Pertanyaannya kemudian, berapa banyak calon pemilih yang bisa meluangkan waktunya untuk menghadiri atau mengikuti perkembangan berita kampanye atau debat calon? Atau seberapa besarkah mereka calon pemilih mempunyai interest dan kepedulian untuk mengenali calon-calon pemimpinnya?
Disamping itu, calon-calon pemimpin bermental rendah yang berusaha memenangkan pilkada dengan segala cara juga sangat berperan besar mereduksi kualitas demokrasi itu sendiri. Politik uang adalah cara paling ampuh yang biasanya ditempuh. Kontestan pilkada butuh suara sedangkan calon pemilih juga tidak peduli atau tidak berkeberatan bila hak suaranya ditukar dengan sekian puluh ribu rupiah. Maka terjadilah praktik jual beli suara yang kotor itu.
Praktik kotor seperti itu jelas akan berdampak pada kinerja pemerintahan daerah yang terbentuk nantinya. Tingginya 'biaya politik' untuk mendukung pencalonan mereka -- termasuk biaya untuk membeli suara -- akan berusaha mereka tebus dalam masa pemerintahan yang mereka jalankan. Inilah lingkaran setan yang selalu mengungkung dan menghambat kemajuan bangsa kita.
Bila keadaan sudah seperti ini, bagaimana sebaiknya sikap kita? Sebagian masyarakat bahkan menjadi apatis karenanya. Memilih atau tidak memilih menurut mereka sama saja, yang tidak akan bisa mengubah keadaan. Bagi saya pribadi, keadaan seperti ini memang terasa dilematis. Namun saya menyadari, inilah konsekuensi sistem demokrasi yang kita anut. Tidak ada yang bisa memaksa kita untuk memilih siapa. Bahkan sistem demokrasi tidak melarang seseorang untuk tidak memilih.

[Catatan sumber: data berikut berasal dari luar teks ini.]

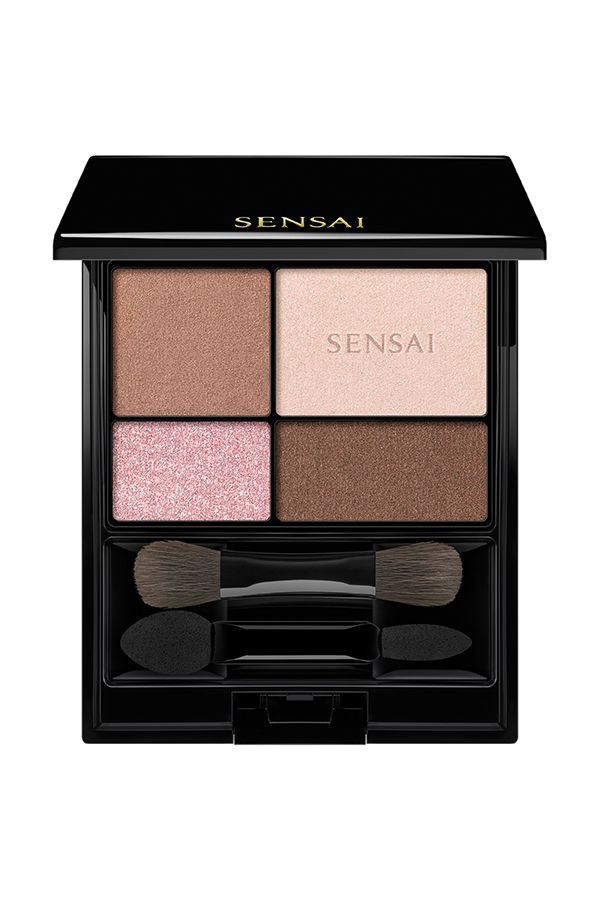 accessories sensai EYE COLOUR PALETTE PETAL DANCE 03 3.7g 24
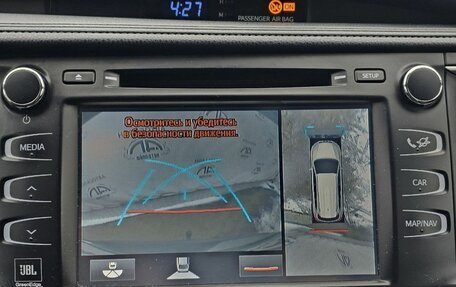 Toyota Highlander III, 2017 год, 3 149 000 рублей, 22 фотография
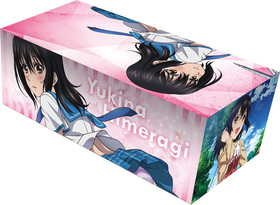 ストライク・ザ・ブラッド IV 収納BOX Yahoo!オークション - m126-0717 【収納BOXのみ】 ストライク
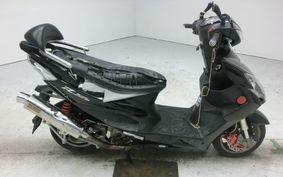 KYMCO RACING KING 180 SC36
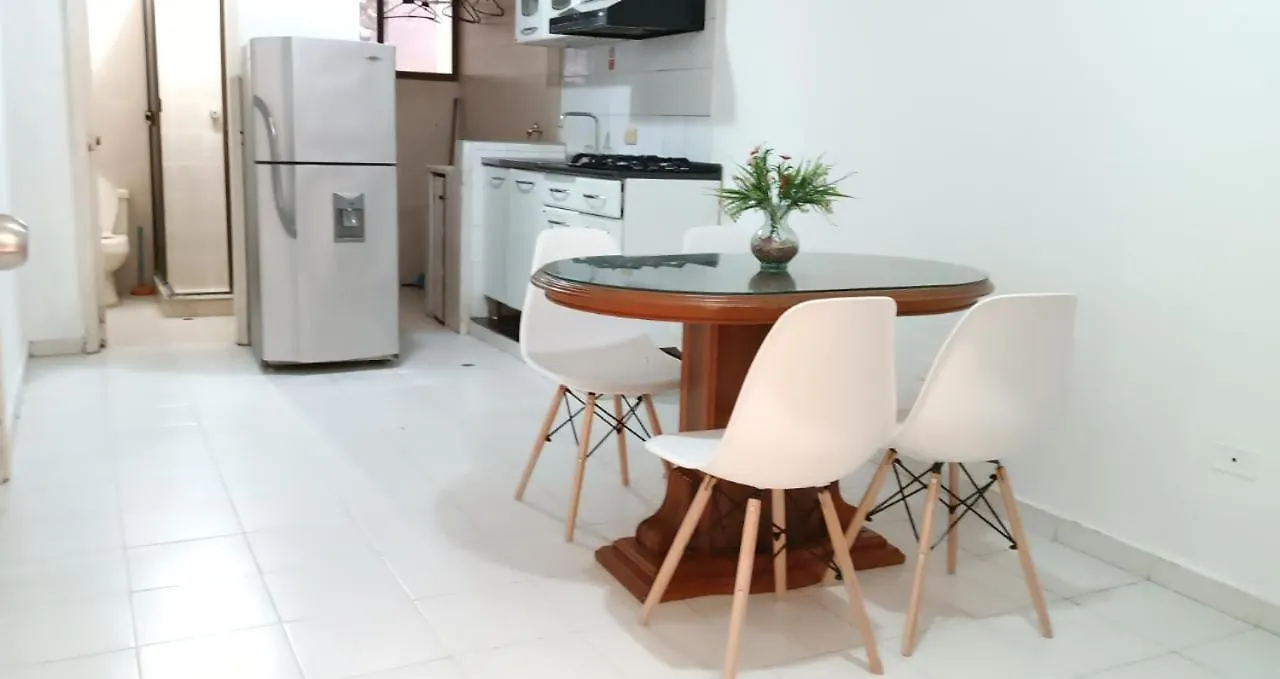 Rodadero Parador 205 A Apartment Santa Marta  Santa Marta (Magdalena)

Pada akhirnya semua berpulang pada kita sebagai pemilih. Seberapa penting kita memandang kehadiran seorang pemimpin. Dan menurut kita, Â parameter-parameter minimal apa yang harus dimiliki seorang pemimpin. Semua ini tergantung pada nurani dan kesadaran berbangsa dan bernegara kita.